Más arriba escribí qué días preferíamos para jugar al fútbol, aclarando que en realidad a la hora de patear una pelota poco nos importaba el día. Pero dado a elegir en la vida nunca sucede una cosa así preferíamos los días fríos y soleados.
Los días ventosos eran los que más odiábamos porque la pelota perdía dirección con facilidad y se ponía muy difícil embocar un gol ("convertir", como dicen con pobreza lingüísticamente franciscana los periodistas deportivos), es decir, introducir el balón en esos tres palos, en esos arcos demasiado grandes para nosotros. Motivo por el cual, si no llegábamos a juntarnos 22 pibes, usábamos la mitad de la cancha, poniendo alguna ropa como arco.
Eran tiempos en que los penales se pateaban afuera, como dice mi amigo el poeta Omar Cao, con su ternura y su cara morena para siempre.
Nosotros no sabíamos que éramos sólo tiempo y si lo hubiésemos sabido lo habríamos canjeado por una pelota de fútbol rebotando blandamente en la gramilla.
Pactado el desafío contra otro barrio o elegido lo más democráticamente posible los compañeros de picado, el tiempo quedaba suspendido para siempre, como las sombras del atardecer que no nos permitían ver la pelota o el silbido admonitor de nuestro padre nos sacaban de allí. Habíamos jugado cinco, seis o siete horas sin parar. Hoy casi descreo de tanta energía y de tanto entusiasmo.
Pero no era todo caos en estos partidos informales, donde pretendíamos copiar las jugadas que les imaginábamos a nuestros ídolos, en tiempos en que la televisión no existía.
La elección de los "equipos" para un picado tenía sus reglas.
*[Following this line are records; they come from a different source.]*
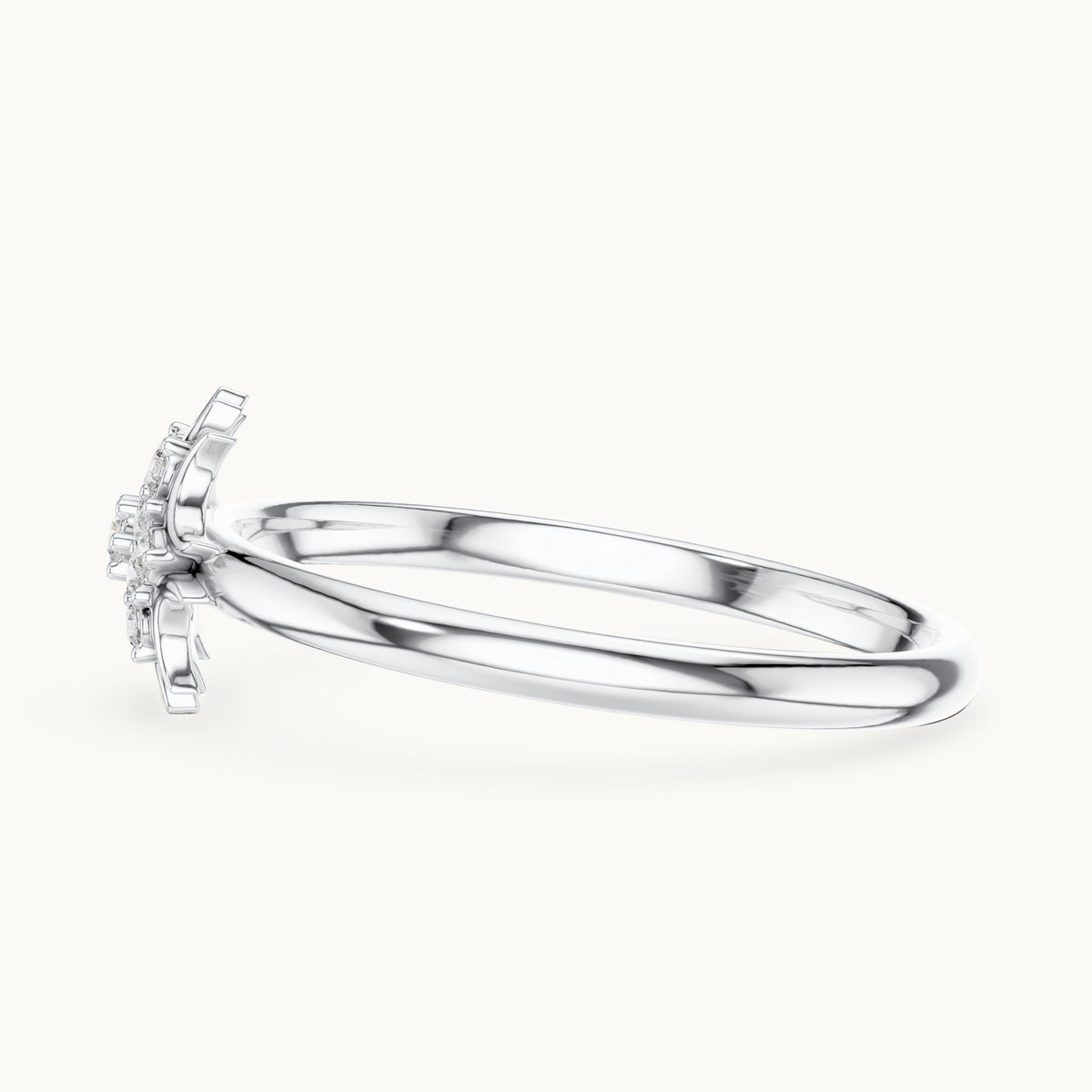 Round lab-grown diamond crescent cluster ring in white gold, 0.068 CT TW, view 3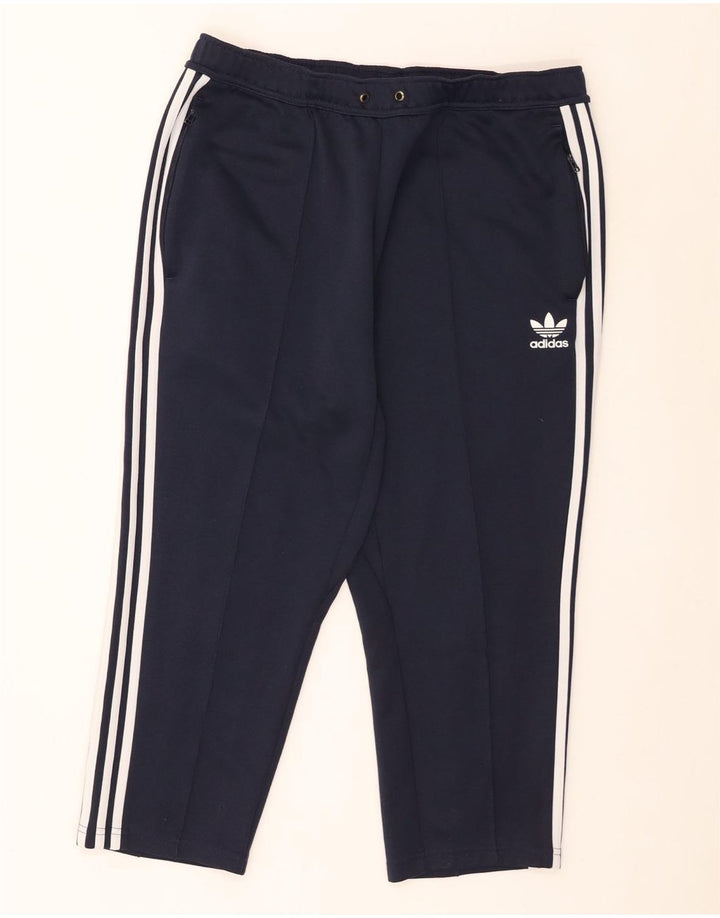 Calça de treino masculina Adidas Crop grande poliéster azul marinho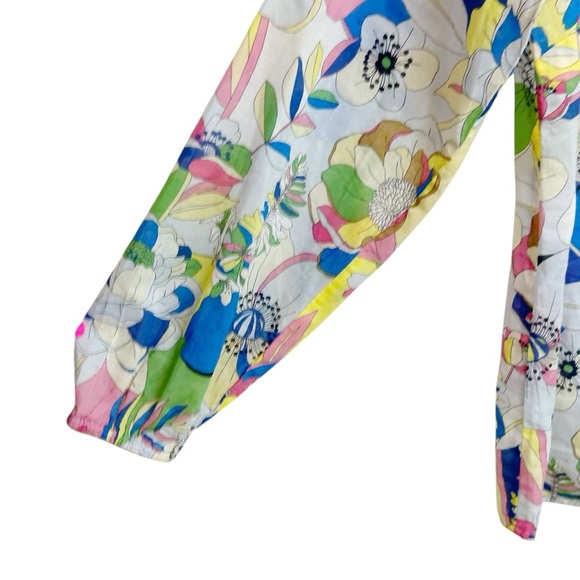 Talbots Blouse Ruffle S Trim Popover Top Colorful Floral Cotton Long Sleeve NWT - Picture 4 of 9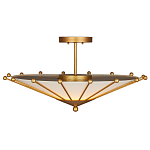 Потолочный светильник в форме конуса с каркасом золотого цвета и тканевым абажуром Inspiration in Light варинант исполнения - 3 | Loft Concept в Самаре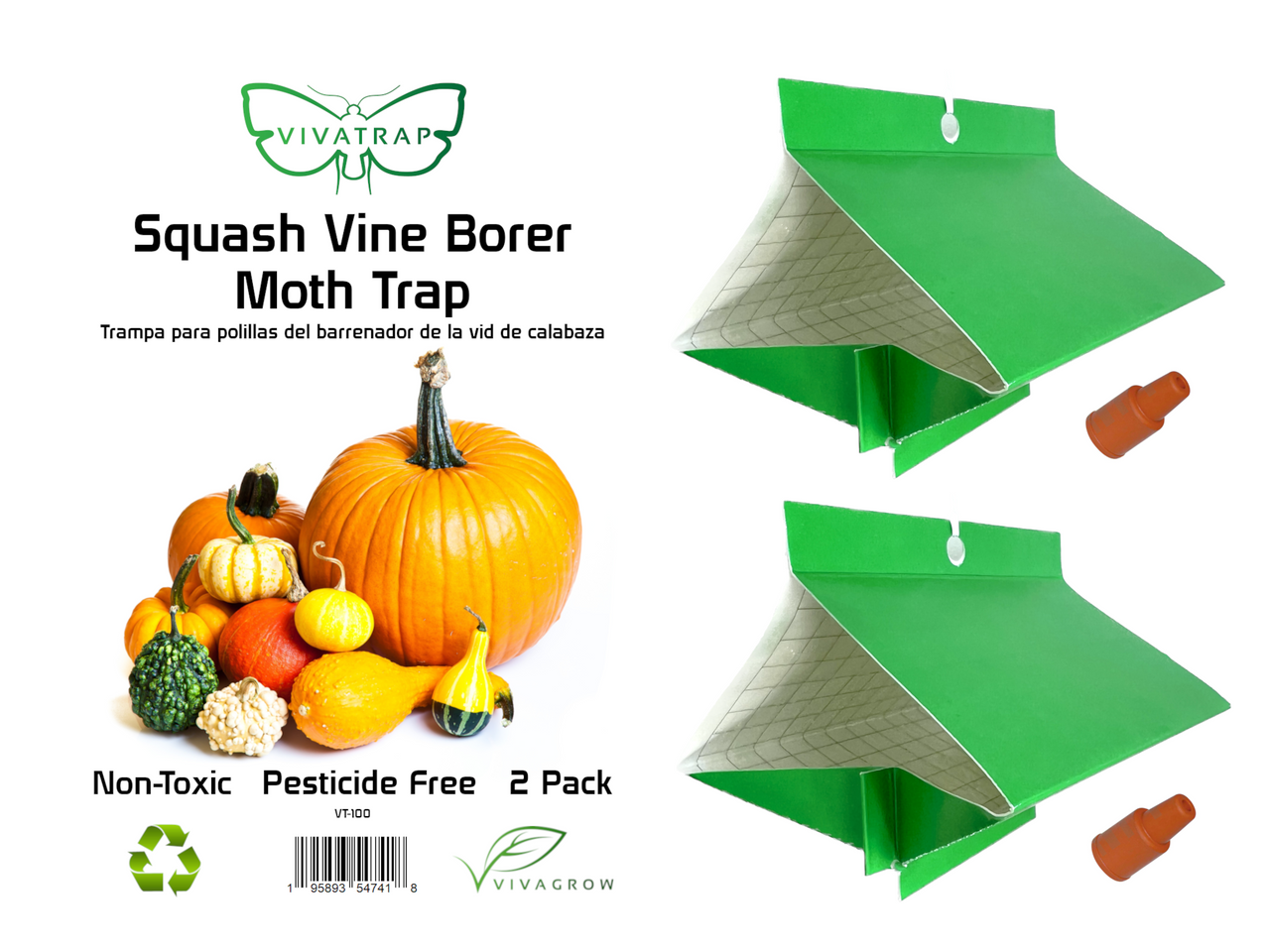 VivaTrap! VT-100 Squash Vine Borer Trap & Pheromone Lure 2 Pack 195893547418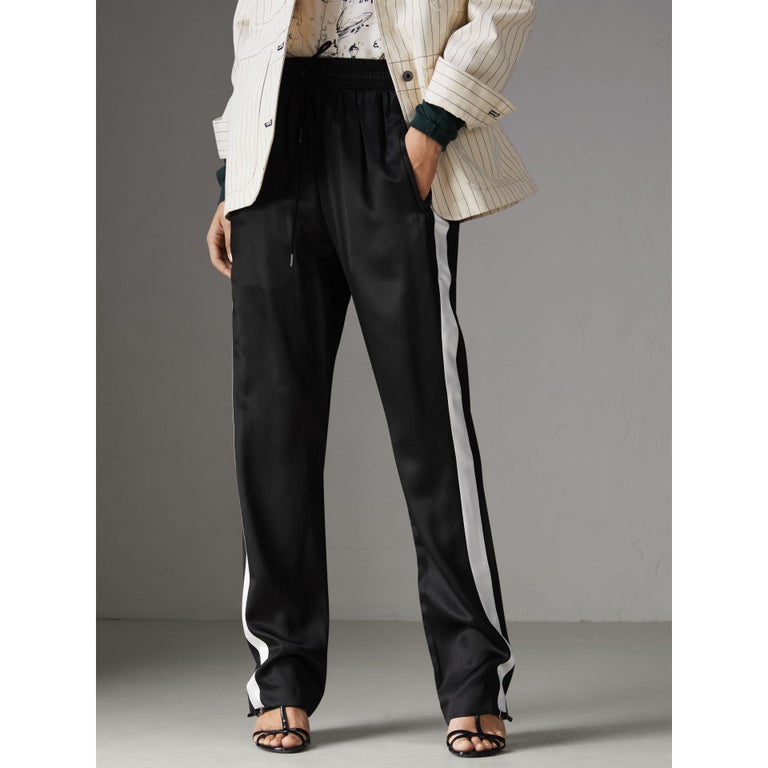 Burberry Side Stripe Silk Satin Tailored Track Pants - Current Season US  0-2 For Sale at 1stDibs | burberry track pants, burberry silk pants, silk  track pants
En general los más habilidosos tenían ese derecho. Tiraban suerte con una moneda para elegir el primero y luego lo hacían por turno. Los menos hábiles quedaban para el final y si el azar había inclinado la balanza hacia un grupo donde había varios que jugaban bien, se llegaba a la justa distribución donde dos o tres "maletas" que sobraban iban hacia el equipo más débil. Visto hoy, por más justicia que buscáramos quedaba en evidencia que se sancionaba al "patadura", pero la vida es así. Y nosotros, intuitivamente lo sabíamos.
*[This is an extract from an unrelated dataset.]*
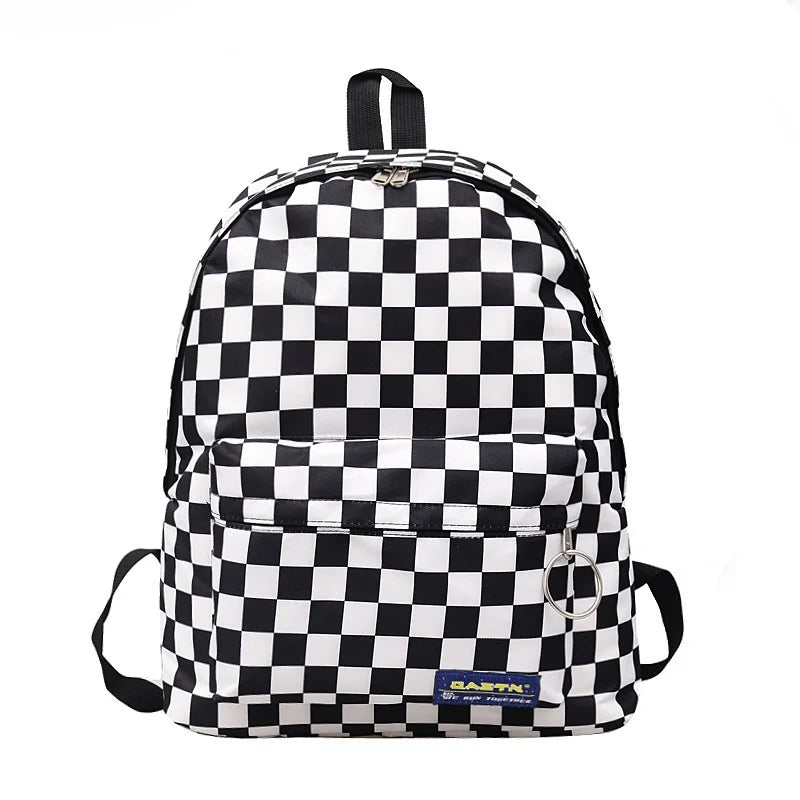 Canvas and Plaid Backpack Large-capacity Multi-function Outdoor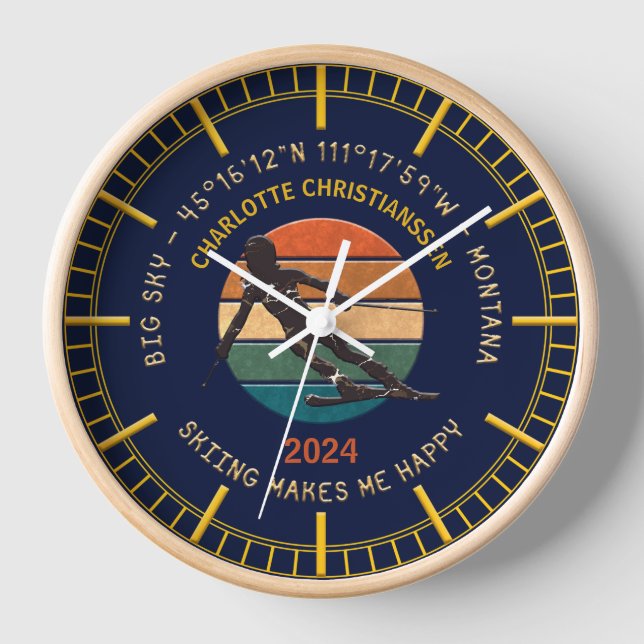 Ski Big Sky, Montana - Woman Skier, Yellow Text Clock (Front)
Relato esta costumbre porque ignoro cómo hacen hoy para jugar los chicos que no van a un club, donde seguramente todo está en manos de los profesores de gimnasia, digo, pienso, ¿cómo harán hoy para elegir en los picados?. Agrego: ¿queda en algún lugar, en algún rincón, un sitio para jugarse un "picadito"?.
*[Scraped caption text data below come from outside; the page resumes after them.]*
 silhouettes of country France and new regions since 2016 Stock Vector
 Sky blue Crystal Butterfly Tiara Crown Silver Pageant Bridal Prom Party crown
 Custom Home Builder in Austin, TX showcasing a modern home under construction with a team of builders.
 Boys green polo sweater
El fútbol en aquel tiempo era lo más bello y luminoso de nuestras vidas. No sólo lo practicábamos en la cortada de gramilla que moría en mi casa sino en la cancha del Club y hasta en la escuela, en los recreos, grado contra grado.
También lo hacíamos en ese lugar que hoy es el "centro" del pueblo, donde había un terreno entejidado que llamábamos "la canchita" donde recibíamos a los equipos de otros barrios porque sentamos nuestros reales allí, como barra orgullosa de El Jazmín, nuestra barriada populosa.
Ese tejido salvaba al terreno, cuyo dueño se ignoraba por entonces, de los perros callejeros, de los caballos sueltos y hasta permitía que se arrimaran los mayores a vernos jugar. Estaba enfrente de la "Carnicería Del Pueblo", del inefable Don Benicio Ardiles, por lo que los clientes eran nuestro público natural.
Todo esto fue anterior a nuestra adolescencia, cuando ya empezaron las primeras experiencias de la vida, entre ellas estuvo en algunos, como en mí el honor de vestir la casaca roja, los pantaloncitos blancos, pero esta es una historia que ya contaré en su momento, digo, no sé si vale la pena, después de tanto tiempo pasado.
Eran las ilusiones de ganar un campeonato lo que nos hacía viajar por otros pueblos, competir (como se dice ahora) porque nos gustaba jugar, traspirar la camiseta que el Club nos había confiado y ese era un honor al cual no podíamos renunciar porque en ello pensábamos se nos iba la vida, y dejábamos en cada partido hasta la última gota de sudor.